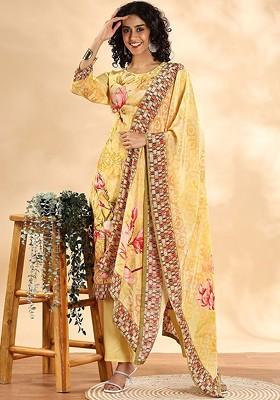 Yellow Printed Silk Kurta Set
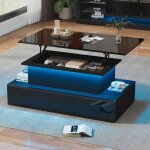 Okwish - table basse noire brillante avec �clairage led et 4 tiroirs - table basse relevable 90x55x41 ...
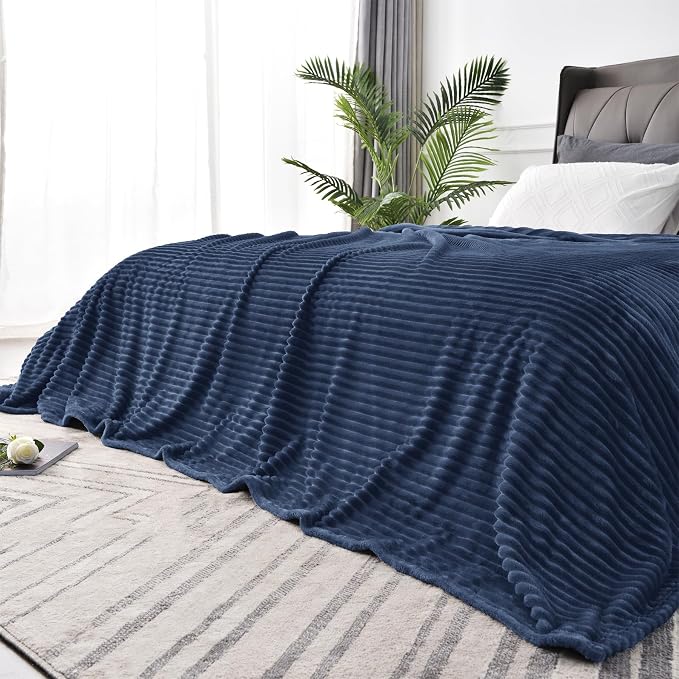 BEDELITE 3D Ribbed Jacquard Navy Blue Full Size Blankes for Bed, 84x90 Inch | Soft Warm Decorative Fluffy Blanket, Cozy Fuzzy Lightweight Plush Fleece Throw Blankets for Bed, Room Decor, Gift for Women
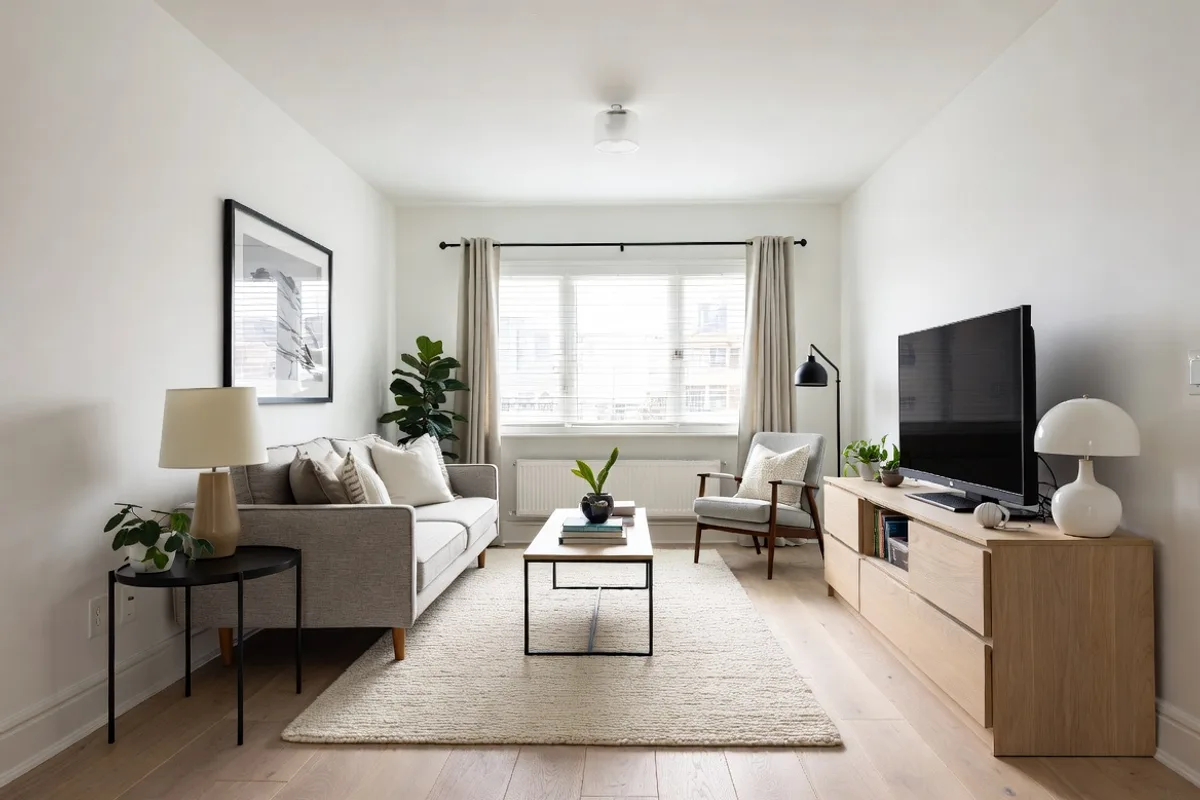 Small open-plan living room with clearly defined seating and reading zones using rug and bookshelf as subtle dividers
•••
Repeat verbatim the lines from the one holding "BEDELITE 3D Ribbed" through the end of the listing above, both ends included, but not the pictures.

- _Solved problem_
 BEDELITE 3D Ribbed Jacquard Navy Blue Full Size Blankes for Bed, 84x90 Inch | Soft Warm Decorative Fluffy Blanket, Cozy Fuzzy Lightweight Plush Fleece Throw Blankets for Bed, Room Decor, Gift for Women
 Small open-plan living room with clearly defined seating and reading zones using rug and bookshelf as subtle dividers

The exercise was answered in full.